Relying on that audience to stick around would be a bad business decision, but there is also no reason to believe they would flee anytime soon. Snapchat offers an experience no other app does. Even with other social media sites such as Facebook, Instagram, and even LinkedIn copy-and-pasting Snapchat’s “Story” feature, the camera app still gives its user base the most seamless way of contacting friends.
Social media apps aim to have “stickiness,” which is another way of saying they want to keep people on the app so the ads have more reach. Snapchat’s featured stories do help keep users around, but for the most part, it’s tough to keep users on the app for too long.
Unlike the other apps, though, this actually helps Snapchat.
One of Snapchat’s most unique traits is that Snaps disappear. Stories are only around for 24 hours and individual snaps go away once they are opened once (but can be replayed). The app doesn’t offer the overwhelming clutter of content that apps like Facebook, Twitter, and Instagram do.
Thus far, this lack of stickiness hasn’t scared any advertisers away, as Snap’s revenue jump would suggest. Advertisers know that, aside from TikTok, Snapchat is the best way to reach young people on the internet.
While Snap has a captivated audience of users that continues to grow, it also continues to spend, keeping it unprofitable. The company hopes to improve daily active users by another 3% in the next quarter with an increase in expenses pared with it.
A bet on Snapchat’s user and advertising revenue growth may pay off in the long-term. The world’s 18–34 market, particularly in North America, is using Snapchat. They are communicating with friends and keeping up with the app’s featured stories. At some point during their time spent on the app, they are consuming ads.
Snap, which has been monetizing its platform since 2015, still has a long way to go before reaching the levels of Facebook, an advertising social media giant. The good news for Snap is that Facebook also relies heavily on advertising, making up about 98% of its quarterly revenue — in line with where Snap is now.
Facebook had 1.8 billion daily active users in its last quarterly report and $18.3 billion in revenue, however — $10.17 dollars per daily active user. Even with over 1,000 companies withdrawing ad placements on the platform this year, some of which moved their money to Snapchat, the company has still seen advertising revenues rise year-over-year.
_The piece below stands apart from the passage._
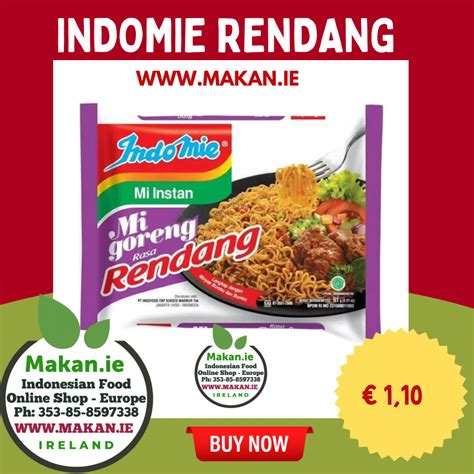 Indomie Rendang | Makan Indonesian Food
Facebook actually became even more profitable when the younger generation fled and the older generation took over. This may not be a replicable recipe for success should a new social media wave steal the youth from Snapchat. But it does show that a revolving door of user demographics doesn’t guarantee a financial demise. It may even open a more profitable door.
Profitability will matter down the line for Snap. For now, though, a continued rise in daily active users and revenue will suffice. If it can continue this pace in upcoming quarters, Snap will creep closer and closer to “sure thing” status.